Celeste y vibrante, vivo, imperfecto,
bello, enorme. Habitual, con esa habitualidad que tranquiliza. El sol ilumina
un cielo diáfano y limpio.
Vibra, siempre vibra, vibra y se sacude.
Hay un sonido inapelablemente conocido mientras murmuran. A veces algunos
duermen, otros miran una pantalla. No me gusta el segundo piso, porque vibra
más. El sonido es grave, es una nota tenida, podría ser una obra de música
contemporánea con un motor de una nota y percusión de estructuras crujientes
formando síncopas impredecibles.
Me gusta el sol colándose por las
ventanillas, me gustan los árboles verdes y los campos verdes. No siempre es
así. Pero la lluvia de estas épocas me regalan hoy estos colores.

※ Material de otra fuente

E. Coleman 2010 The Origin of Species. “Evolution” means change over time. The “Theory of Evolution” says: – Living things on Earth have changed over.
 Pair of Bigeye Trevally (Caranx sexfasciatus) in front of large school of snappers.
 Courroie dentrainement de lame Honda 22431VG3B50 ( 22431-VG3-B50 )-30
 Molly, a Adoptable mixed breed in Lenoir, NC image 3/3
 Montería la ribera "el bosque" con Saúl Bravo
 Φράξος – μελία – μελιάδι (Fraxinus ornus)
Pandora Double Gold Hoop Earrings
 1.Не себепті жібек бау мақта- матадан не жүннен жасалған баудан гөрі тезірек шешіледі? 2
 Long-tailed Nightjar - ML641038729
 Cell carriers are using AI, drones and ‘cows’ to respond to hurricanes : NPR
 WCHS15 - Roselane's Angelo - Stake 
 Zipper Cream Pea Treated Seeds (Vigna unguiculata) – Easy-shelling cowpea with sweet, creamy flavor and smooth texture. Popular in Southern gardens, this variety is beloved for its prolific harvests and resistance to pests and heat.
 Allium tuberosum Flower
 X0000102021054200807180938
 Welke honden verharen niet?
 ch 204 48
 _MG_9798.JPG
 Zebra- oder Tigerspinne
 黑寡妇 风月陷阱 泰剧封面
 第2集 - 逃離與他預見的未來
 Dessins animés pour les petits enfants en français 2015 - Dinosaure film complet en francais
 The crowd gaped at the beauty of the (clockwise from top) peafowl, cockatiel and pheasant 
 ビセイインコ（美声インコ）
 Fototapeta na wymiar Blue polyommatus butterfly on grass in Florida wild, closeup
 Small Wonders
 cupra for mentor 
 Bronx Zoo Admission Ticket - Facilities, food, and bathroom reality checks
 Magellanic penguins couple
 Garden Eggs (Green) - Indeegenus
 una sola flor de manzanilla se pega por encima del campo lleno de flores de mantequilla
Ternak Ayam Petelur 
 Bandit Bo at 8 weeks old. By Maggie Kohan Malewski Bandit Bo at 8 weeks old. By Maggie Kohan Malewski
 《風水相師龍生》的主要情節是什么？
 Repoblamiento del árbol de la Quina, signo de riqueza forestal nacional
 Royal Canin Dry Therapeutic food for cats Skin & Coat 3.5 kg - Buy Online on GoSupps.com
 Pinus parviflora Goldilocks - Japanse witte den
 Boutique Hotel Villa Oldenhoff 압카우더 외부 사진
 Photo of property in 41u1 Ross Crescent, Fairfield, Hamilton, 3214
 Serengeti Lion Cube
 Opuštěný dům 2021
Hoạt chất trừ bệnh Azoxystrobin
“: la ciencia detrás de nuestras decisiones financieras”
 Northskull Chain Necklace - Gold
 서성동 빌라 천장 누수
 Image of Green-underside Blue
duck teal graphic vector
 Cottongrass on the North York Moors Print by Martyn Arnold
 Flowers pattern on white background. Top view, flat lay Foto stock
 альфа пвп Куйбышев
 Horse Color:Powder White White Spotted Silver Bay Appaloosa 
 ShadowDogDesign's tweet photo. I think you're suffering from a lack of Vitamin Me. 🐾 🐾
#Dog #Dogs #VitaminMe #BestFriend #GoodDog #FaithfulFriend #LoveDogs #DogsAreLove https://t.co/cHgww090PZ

El trayecto también tiene esa habitualidad,
tan tranquilizadora. Hay ciertas rutinas que tranquilizan. Estar algunos días
con mi familia me tranquiliza. Volver a las raíces tiene algo de ritualista, y
me salva de algunas soledades poco amistosas.
Hay en el camino una casa derruida de dos
pisos en el medio de algún campo. Siempre me dará curiosidad ese lugar. A veces
me imagino yendo en una caminata hasta esa construcción abandonada, castigada
por el clima y cargada de alguna vieja historia.
Alrededor está la gente. Gente que va a
algún lugar, como yo. Con su propia historia, con sus propias preocupaciones,
con su propia individualidad. Aquí en realidad estamos todos solos. Cada uno
está enfrascado en sus pensamientos y no estamos percibiendo al resto. Por eso
sostengo que la compañía física no siempre implica compañía.
Terminó el viaje. Me bajo del micro porque llegué a mi destino.
Terminó el viaje. Me bajo del micro porque llegué a mi destino.